I saw my Dad and updated him on what was going on. He gave me some encouraging words and I just kept trying to jog as I could. I was getting passed by dozens of people. I went from seeing almost nobody for the first 10 miles to having athletes all around me. I continued to stay positive and trust that even if it took me 12 hours because I walked it in that would still be better than not finishing. And then around mile 15 or 16 I tried the running again, like I had been every minute or two, and the pain was manageable. So I kept running. I will never forget coming around this corner somewhere around 15 or 16 and my father and friends were standing there clapping for me because they saw me running. It was a really cool moment.

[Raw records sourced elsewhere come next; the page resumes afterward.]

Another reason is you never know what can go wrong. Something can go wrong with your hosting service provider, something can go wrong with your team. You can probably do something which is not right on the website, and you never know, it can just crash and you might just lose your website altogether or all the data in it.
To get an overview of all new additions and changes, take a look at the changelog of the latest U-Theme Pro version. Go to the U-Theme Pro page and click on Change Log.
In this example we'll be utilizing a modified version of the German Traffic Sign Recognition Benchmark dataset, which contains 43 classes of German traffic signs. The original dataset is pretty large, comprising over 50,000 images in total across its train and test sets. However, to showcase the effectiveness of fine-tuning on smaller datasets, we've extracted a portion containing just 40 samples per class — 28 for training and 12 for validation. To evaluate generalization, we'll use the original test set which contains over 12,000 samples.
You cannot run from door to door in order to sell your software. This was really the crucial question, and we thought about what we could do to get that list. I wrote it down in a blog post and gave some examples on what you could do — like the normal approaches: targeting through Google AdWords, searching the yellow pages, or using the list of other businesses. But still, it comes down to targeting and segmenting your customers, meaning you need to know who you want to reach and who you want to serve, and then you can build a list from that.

I remember my Dad was on his phone relaying info about the injury back to Mom and Meg and then he started yelling into the phone that I was running again. Very special moment.

Mac knew something was wrong :)

The rest of the run was pretty cool. I was running about 8:30-40 again. I was now holding my position, and in some cases, passing people again. I started doing the math around mile 18 and realized I still might be able to break 11 hours if I didn't walk any. Muddy stayed close during these tough stretches, same with Dad and my buddies. As I hit mile 21 and started into town I couldn't believe I only had 5 more miles in this race. All the emotions of the day and the summer of training started to overwhelm me. I saw my wife and Mom right before the final out and back on Lakeshore. I stopped and kissed Meg and said hi to everyone. At this point I knew I was going to be safely under 11 hours. I ran the final mile with pride. As I neared the chute I passed a few people so I could have it to myself. I saw my family off to the right and pointed at them as to say, "YOU!" You guys helped make this possible. Before I knew it I couldn't hear myself think as the finish chute was so loud. I don't remember hearing my name announced but I'm sure it was. I looked at the clock: 10:49. Hell, on this day with this injury, that was a hell of a time.



I grabbed some food and talked with some athletes until I saw my family. There was a tall metal fence separating us and I thought my dog was going to try and jump all 8 feet of it he was so excited to see me. I walked around and gave everyone a big hug. Everyone knew how important this race was to me. At the same point, they all know how important they are to me. Thank you to everyone that has offered support and guidance to me. Family, Muddy, teammates, etc! Special shout out to my swim coach...my SISTER!! We killed it Beck :) And my parents. Always there on these big days! Clinton and Chris for driving 10 hours each way to cheer for me! And of course, my beautiful wife. I owe her everything. Including a trip to Europe for allowing me to do two Ironmans in one year!! Yeah buddy...Ireland here we come :)

Not sure what is next. But it won't be Ironman. Not for a while at least. I need a break. This was my 5th on in less than four years. To some people that isn't much, but for me and my stressful work, it is. I will most likely concentrate on Olympic and half Irons this upcoming year, but again nothing is concrete. I will keep you posted as to my plans. In the meantime, I'm off to enjoy some time off. Thanks for reading.